House Subcommittee Hears Testimony About Trade Deal Opposed by Biosimilar Industry

The House Ways and Means Subcommittee on Trade heard testimony this week from labor leaders and others about a revised trade agreement that some say will hurt the biosimilar industry in the United States.

The biosimilar industry and their allies, including trade unions, are hoping to convince legislators and the administration to redo a pharmaceutical intellectual property provision in the renegotiated trade agreement with Canada and Mexico that they say will create higher drug prices in the United States.

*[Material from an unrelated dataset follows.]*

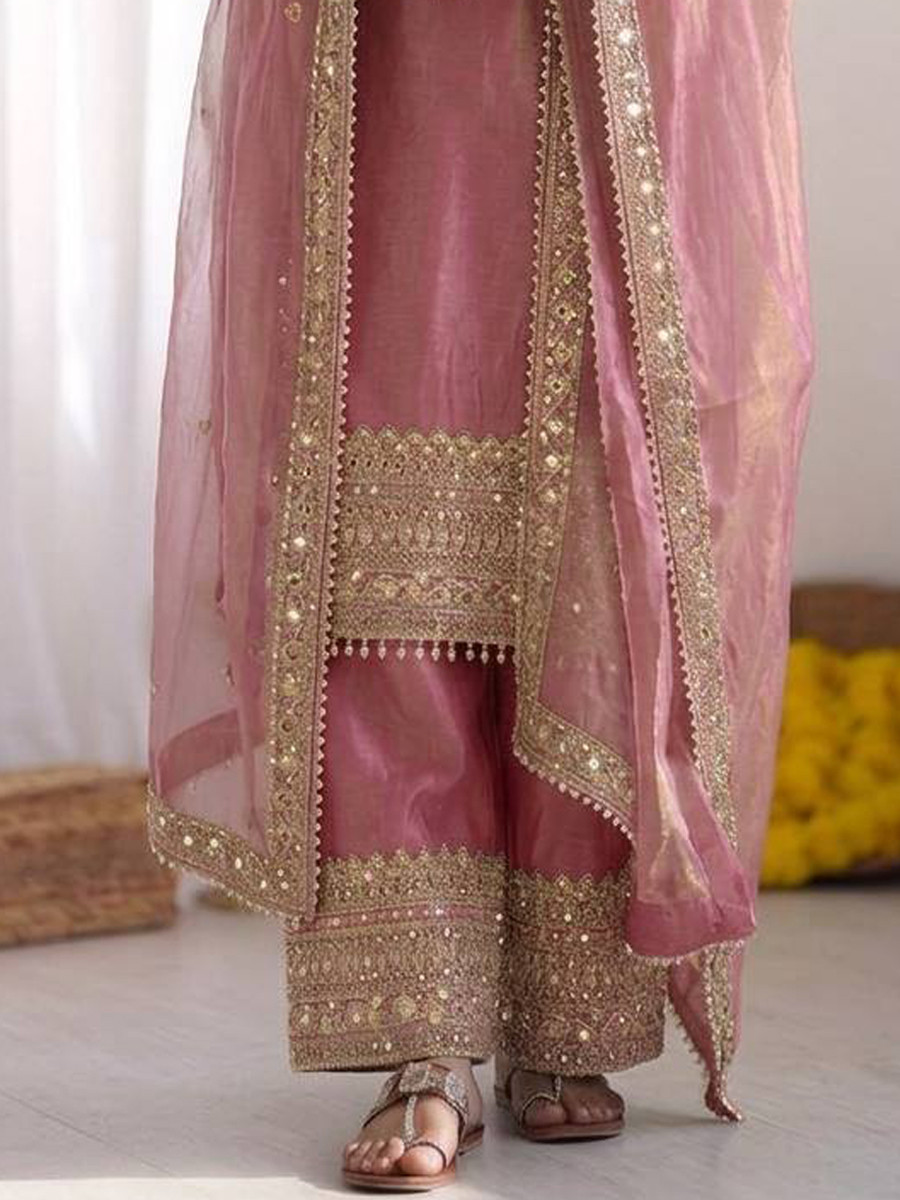 Green Fendy Silk Embroidery Sequins Zari Wedding Party Festival Casual Ready Palazzo Pant Salwar Kameez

Although the president secured agreements with the 2 countries last year on the United States—Mexico–Canada Agreement (USMCA), an updated version of the North American Free Trade Agreement (NAFTA), Democrats now control the House of Representatives. On Tuesday, the House Ways and Means Subcommittee on Trade heard testimony from labor leaders and others on USCMA.

Under the deal, US drug companies will be able to sell pharmaceutical products in Canada for 10 years without facing generic or biosimilar competition, an increase from the 8 years of exclusivity under NAFTA. Mexico currently has no exclusivity period.

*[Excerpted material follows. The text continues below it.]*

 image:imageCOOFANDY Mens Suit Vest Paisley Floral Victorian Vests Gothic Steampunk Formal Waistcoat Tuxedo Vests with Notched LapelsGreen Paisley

The protection for brand-name biologics will hurt workers and retirees financially, the subcommittee heard. Employer groups, including unions, have made rising prescription drug costs a focus as late.

“Because this agreement contains provisions locking in a minimum of 10 years of data exclusivity for biologic drugs and guaranteeing strong protections for evergreening of existing drugs, it will lock in high drug prices going forward, and Congress would need to renegotiate the agreement to fix that. [Communications Workers of America, CWA] members and retirees face steep increases in health insurance premiums and out-of-pocket expenses related to escalating drug costs and we are deeply opposed to provisions that would block Congress from addressing those costs,” according to prepared testimony from Shane Larson, the director of legislation, politics and international affairs at the CWA.

In its testimony, the American Federation of Labor and Congress of Industrial Organizations (AFL-CIO) said the new trade deal would extend “monopoly power” for pharmaceutical companies.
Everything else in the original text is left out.